Another strategy is to innovate how you use existing space.
At Ingram Micro’s plant in Chandler, Arizona, the company is looking to have office staff continue to work from home, allowing the company to convert approximately 15,000 square feet of office space in processing space, Zegers said.
“Obviously we’re trying to optimize the footprint that we have,” Zegers said.
The strategy could also extend to new installations. Ingram Micro is “actively buying” a larger facility in the Chandler area, and it could move into a building that has more processing space and less office space than the company might have wished for in the past. , did he declare.
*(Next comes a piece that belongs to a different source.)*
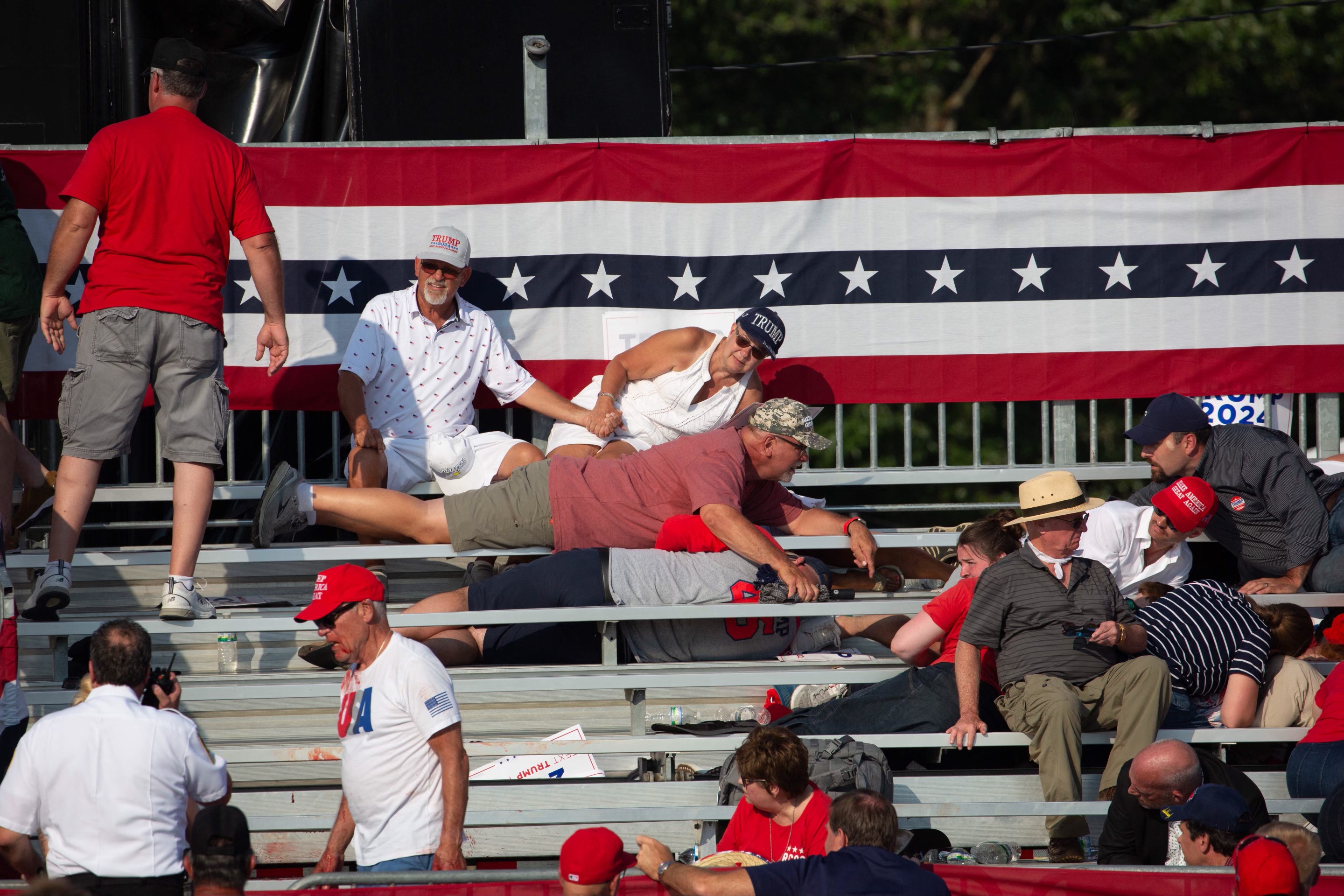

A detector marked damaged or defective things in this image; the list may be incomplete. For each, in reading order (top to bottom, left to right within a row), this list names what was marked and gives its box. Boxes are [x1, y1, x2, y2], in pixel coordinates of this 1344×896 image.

crumpled campaign sign [468, 725, 605, 779]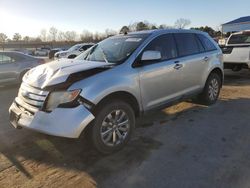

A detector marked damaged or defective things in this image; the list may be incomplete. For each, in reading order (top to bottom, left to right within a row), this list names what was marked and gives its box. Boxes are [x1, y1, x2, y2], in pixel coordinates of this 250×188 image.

damaged front bumper [8, 100, 94, 139]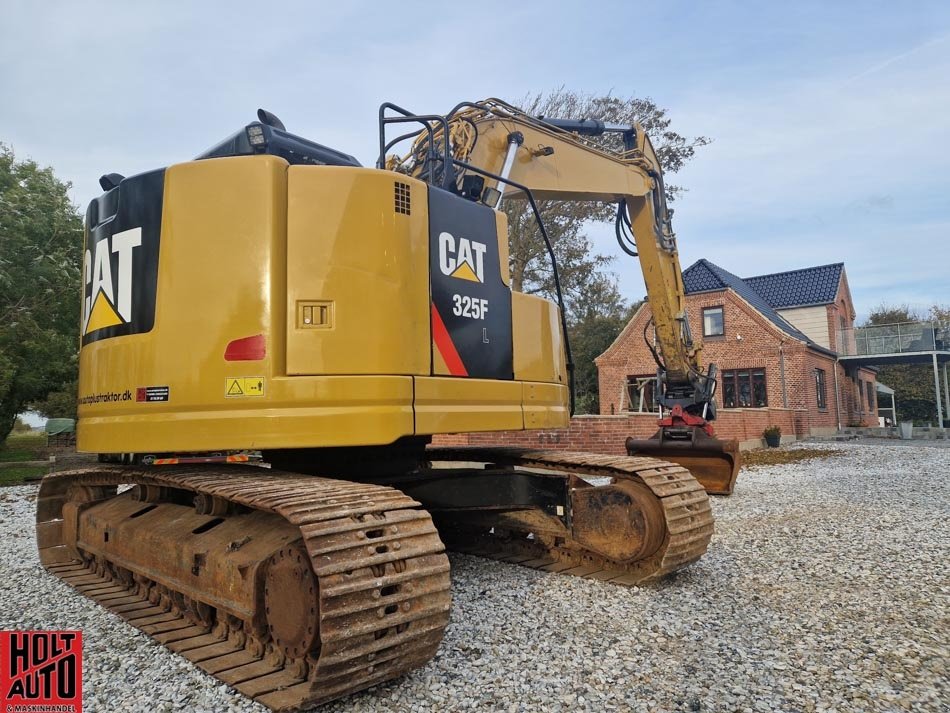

“There’s a bunch of different levers we’re pulling on, like everyone else out there,” Zegers said.
Sage, meanwhile, is considering taking space away from processing and giving it to storage, Houghton said. (The company is stocking assets for customers who may want to redeploy equipment in the future.) To compensate for the reduced processing area, operations crews are working double or triple shifts.
“There’s a sweet spot, because if you get things too cluttered, it reduces your operational efficiency and adds a lot of cost to that end of the spectrum,” he noted.
A reality that is here to stay
Going forward, Houghton thinks having a good relationship with the owner will be crucial. “Your reputation as a tenant is going to have something to do with your ability to rent space as you move forward,” he said.
And Houghton sees the current housing market as a new normal for businesses to adapt to.
“Honestly,” he said, “I don’t think what we’re going through right now is going to change in the next five years.”